Continuing last week’s post…
Psychologists specialising in Cognitive Vision have been studying the phenomenon of change blindness for quite some time. They wonder how we cannot perceive changes in our environment when they take place but these changes seem really obvious when they are pointed out.
This phenomenon poses some very interesting questions, like how much of what we see do we actually process and become aware of? Some studies argue that instead of storing information about the world in our memory we use the world itself as an external memory source. In a continuous shot like ‘Whodunnit’ we do not expect unmotivated changes. Therefore we do not take any notice of them. Our understanding of the observed world is that such changes cannot logically occur. Would it have been a different case if I asked you to notice all the changes Before showing you the clip? Maybe, but even then, some of those changes would have been omitted because they were not expected.

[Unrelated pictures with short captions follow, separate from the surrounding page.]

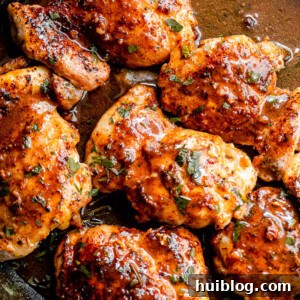 Sticky Apple Cider Chicken Thighs 7 An overhead shot of savory apple cider glazed chicken thighs resting in a black cast-iron skillet, garnished with fresh herbs.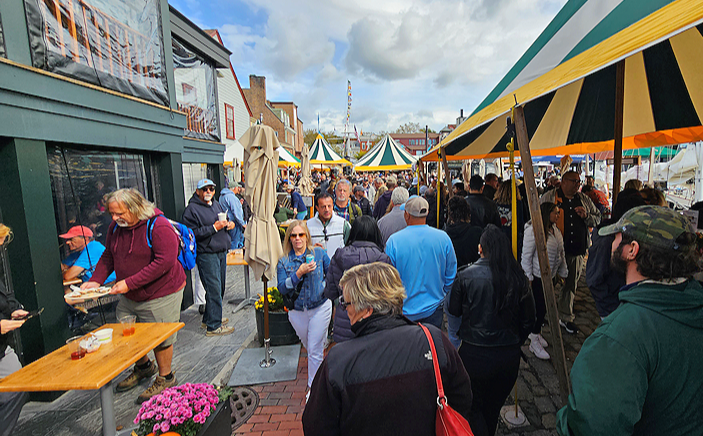 Visitors exploring Bowen’s Wharf in downtown Newport, Rhode Island, with waterfront shops, food stands, and striped tents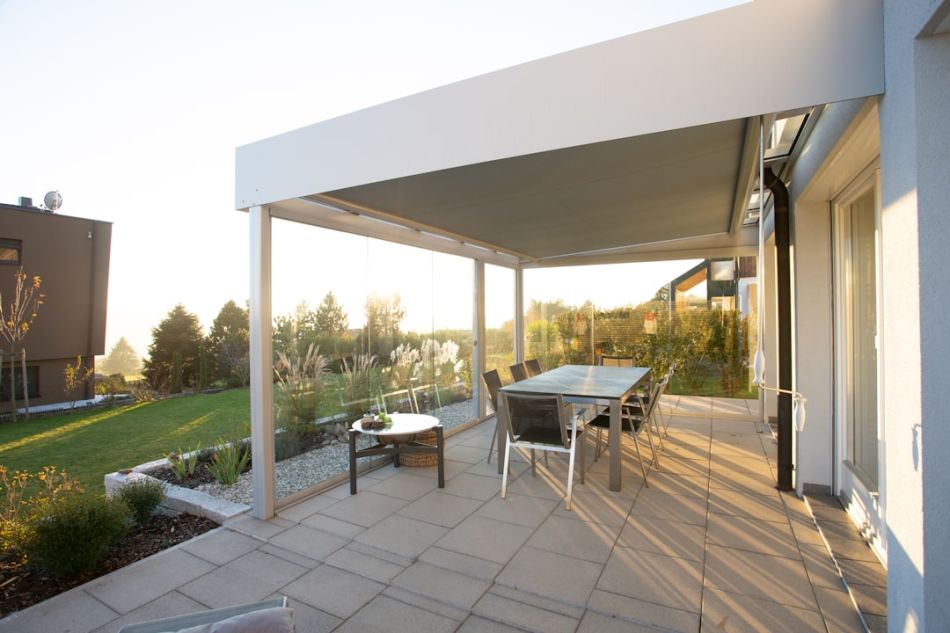 Pergola - black metal table and chairs on green grass field during daytime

There is also the element of ‘distraction’, in the case of ‘Whodunnit’ this is the story itself. The Detective talks to us directly about a murder. He asks us to find the killer and therefore we concentrate on what the suspects say and how they behave. Our focus is on the confessions.
When we fail to notice a stimulus that is right in front of us we experience what psychologists named ‘inattentional or perceptual blindness’. Our attention cannot be focused on everything at once. Apparently this happens because we are overloaded with ‘inputs’ and it is impossible to pay attention to all of them.
Try to do this fun test:
This clip is based on an older experiment conducted by Simons and Chabris at Harvard University in 1999. They made a short video that showed two basketball teams, one dressed in white, one in black. Then they gave their viewers the task to count the number of passes between the players dressed in white. In the original clip a guy dressed in a gorilla suit walked through the players punching his chest. Half of the subjects watching the clip didn’t see the gorilla! They were concentrating on the given task counting the number of passes.
Apparently this has become one of the most well-known experiments in psychology. It reveals that we are missing a lot of what happens around us. We don’t necessarily perceive something we see if we don’t pay any attention to it. At least in our day-to-day lives the advantage is that we don’t even know we are missing so much!